The drama I’m building is a little risky. It can easily start to sound overreaching and bombastic — something I’m sure my other prayers can be faulted for. I think it’s worth going for here because the prayer is addressing a longing for significance and story and catharsis.
I’m also aiming for that last phrase (“forming them into a church”) because that would give me a good transition into the topic of philanthropy.

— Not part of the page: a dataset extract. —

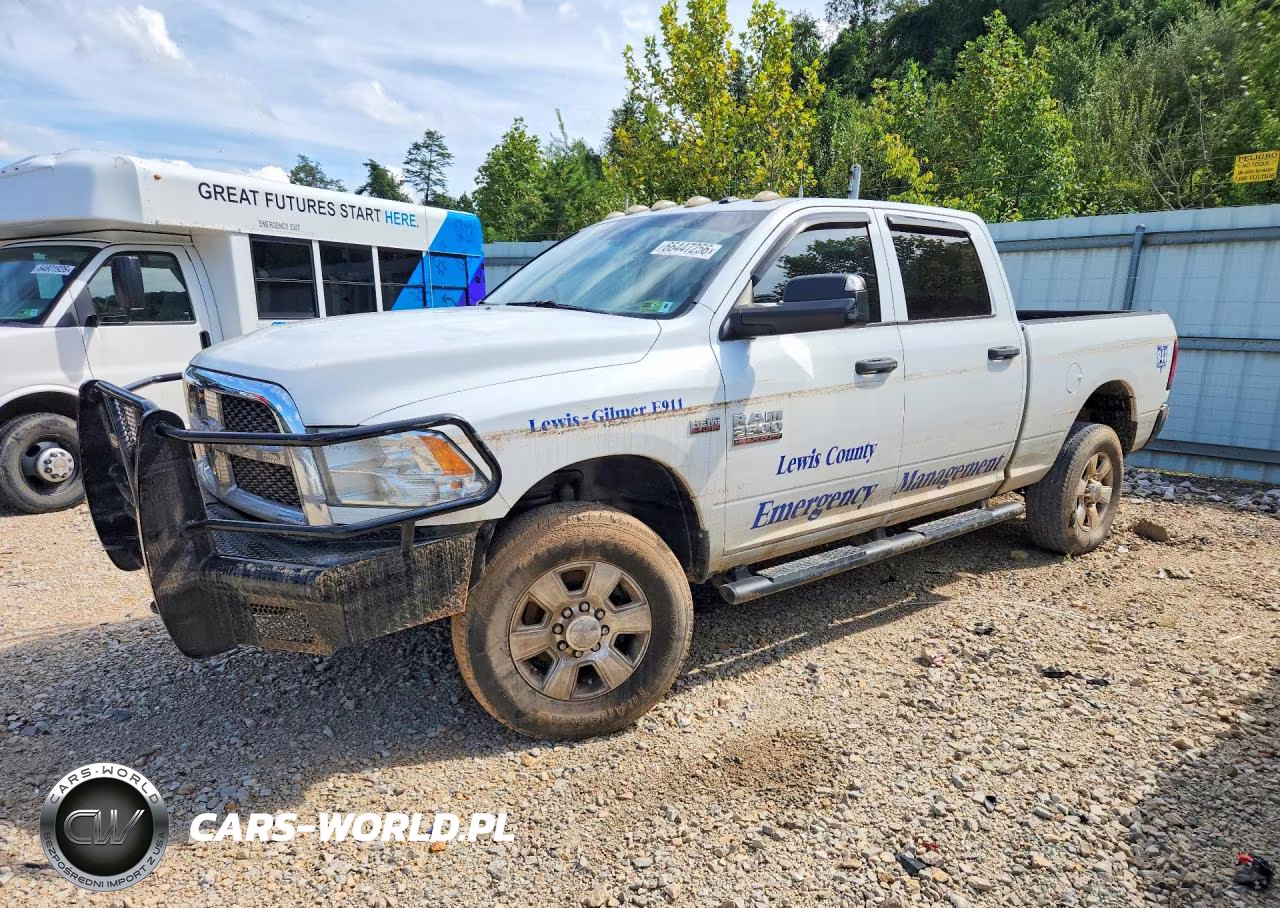2014 Ram 2500 St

We, too, then are your body, formed in your victory but not yet in full glory. Let us honor it faithfully, from the most visible part to the most vulnerable. Let the members of this church continue to serve each other, not programmatically, but out of the creativity and generosity of your compassion.
This takes advantage of Paul’s metaphor of the church as compared to Christ’s physical body. To honor the church is to honor Jesus himself. I modified the exhortation to tailor it to our isolated circumstances. I don’t use the word “philanthropy” at all in the prayer because I think we’re talking about something more broad, less technical.
What I still think I need to address is our power in Christ. Here I think I’m going to pick up a phrase from a recent devotion in Luke that has been lingering in my head.
Unworthy though we are, you have redeemed us and elected us for such a time as this. Take our measure, press it down, shake it together, and let it run over for your good and sovereign will.
Quoting Scripture (appropriately) always elevates a prayer. The references to Esther and Luke brings a depth that would normally take whole paragraphs to conjure.
That might be it for the main section. I usually leave writing out the specific entreaties at the end until the night before. I’ll recall specific conversations I’ve had and also check the shepherding notes compiled together by the pastoral staff.
Before wrapping it all up, it’s worth considering how the prayer might be received by different kinds of people in the church: kids, parents, seekers, Republicans, etc. Will they find something edifying in it? Something provocative? Who has been overlooked?
Once I give it that once-over, I try to let it go. Hopefully you were in God’s hands when you wrote it, and now it will be in His hands once you deliver it.